Gordon Haff, a senior IT advisor with consultancy Illuminata, has a less exuberant take on Sun's move. He sees it as a good thing for Sun as well as a great thing for MySQL. The rub, he says, is that while it's possible to make a profit selling software support contracts, it's easier to (or makes more sense to) when you've yoked those support contracts to the sale of complementary technologies.

For example, marketing and supporting simply an open source database isn't as profitable as marketing and supporting an open source database in tandem with complementary hardware, data, and application integration middleware, and—of course—services. That's just what Sun proposes to bring to the table.

"Open Source or not, enterprise customers often appreciate the sort of global support that large vendors are better prepared to offer. And the ability to put together sets of products that address broad business problems is more appreciated yet. However, in the case of Open Source specifically, the fact that a large vendor can leverage Open Source products to sell other software and even hardware creates far more revenue opportunities than when the only thing a company can sell is a support contract on a single piece of software," writes Haff on the Illuminata Weblog.

"In the Sun and MySQL case, for example, one can [imagine] Sun eyeing the vast population of MySQL users not so much for the opportunity to sell MySQL support contracts but as an entree for selling other Sun middleware, Solaris, and Sun hardware. One can imagine a conversation like this repeated many times: 'Oh, you need better performance out of MySQL running on Linux? Of course, we're happy to help. But you might think about Solaris because we have this DTrace tool. We also have this ZFS file system. And, oh, have you heard about Thumper?'"

That's the strategy Sun chief Jonathan Schwartz outlined on his blog.

"We've historically worked at arm's length to optimize MySQL on Sun's platforms. Just as we did for Oracle in their early days, our performance engineering teams will sit (virtually) with their counterparts in MySQL and in the community, leveraging technologies such as ZFS and DTrace … to ensure Sakila flies—along with the rest of the [Linux, Apache, MySQL and PHP] stack," Schwartz writes.

"I've asked our team to negotiate an arms' length commercial transaction, prior to closing, that allows us to provide Global Enterprise Support for MySQL—so that traditional enterprises looking for the same mission critical support they've come to expect with proprietary databases can have that peace of mind with MySQL, as well," Schwartz continues. "This gives traditional enterprises a world of new choices and competition. … [I]f there's one item customers have been asking from us for years it's more innovation in the database marketplace—we're now in a position to respond."

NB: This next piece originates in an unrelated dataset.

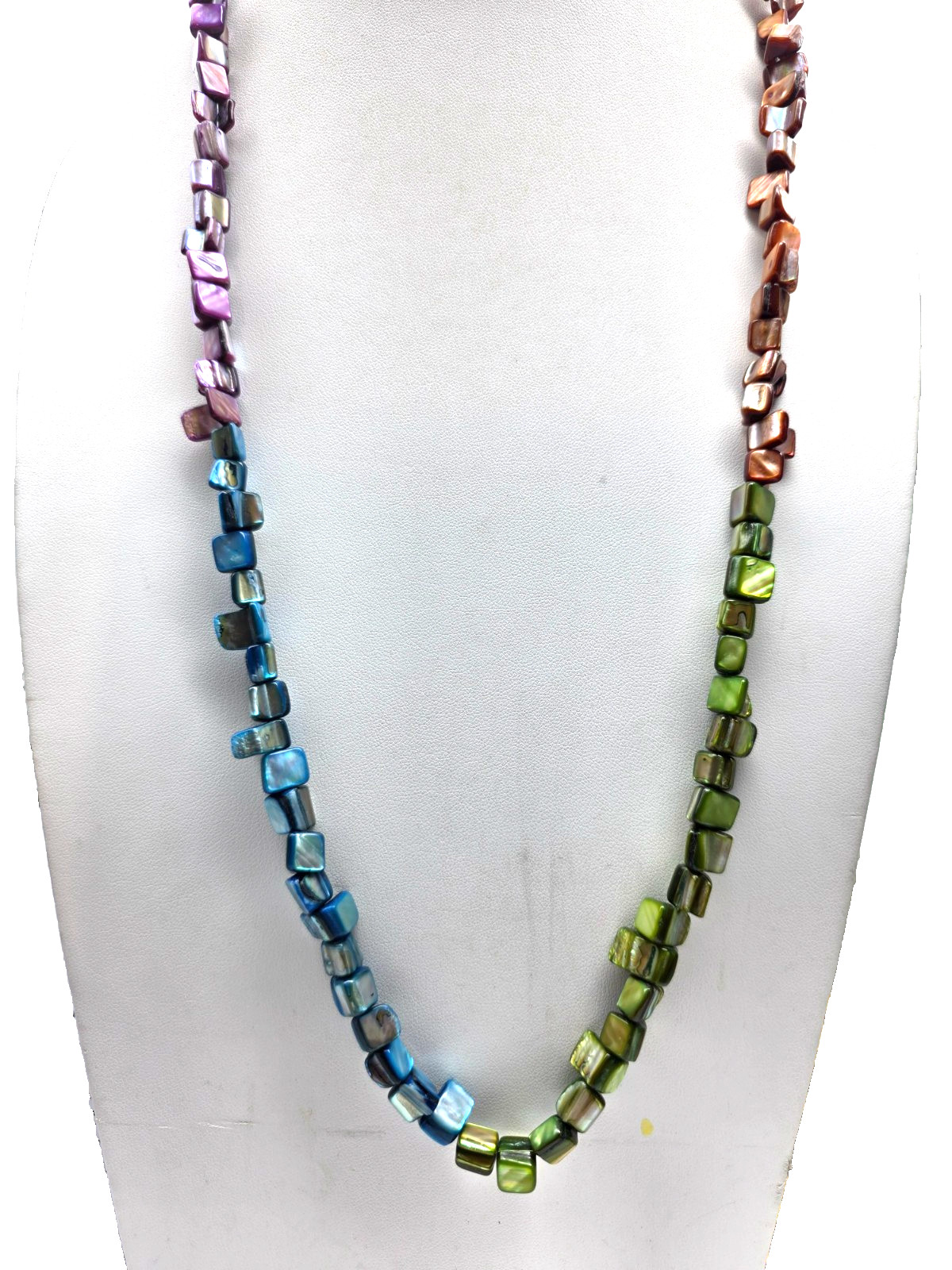 Brown Purple Green Blue Pink Dyed Shell Chunk Beaded Necklace Vintage
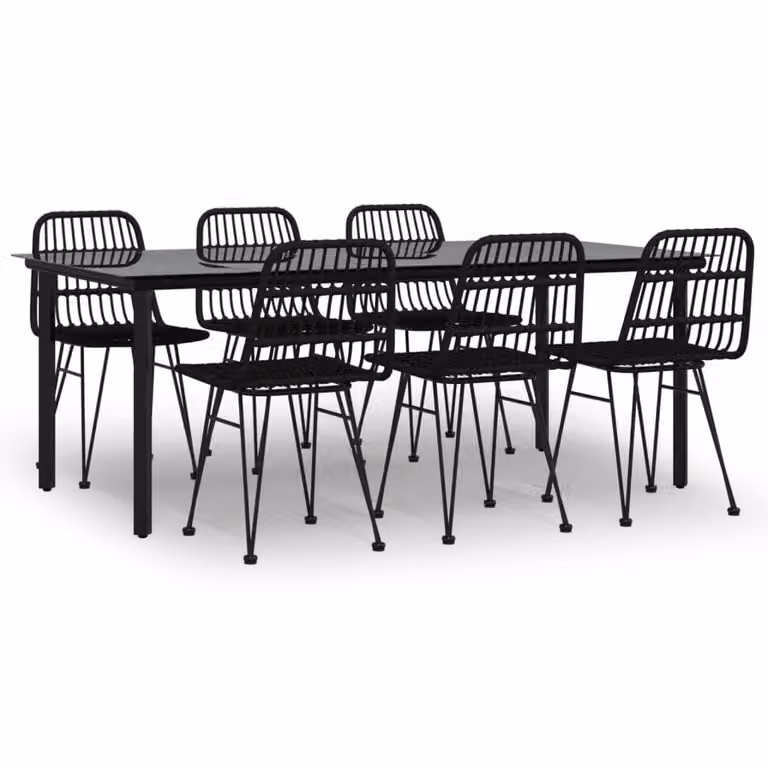 Set da Pranzo da Giardino 7 pz Nero in Polyrattan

There's more, too, according to Schwartz: the addition of MySQL helps give Sun a one-stop open source stack, from the operating system to the database to the virtualization tier to—even—the data integration middleware (J2EE).

"[N]o platform vendor has assembled all the core elements of a completely open source operating system for the Internet," he claims. "With this acquisition, we will have done just that—positioned Sun at the center of the Web, as the definitive provider of high performance platforms for the Web economy."

About the Author

Stephen Swoyer is a Nashville, TN-based freelance journalist who writes about technology.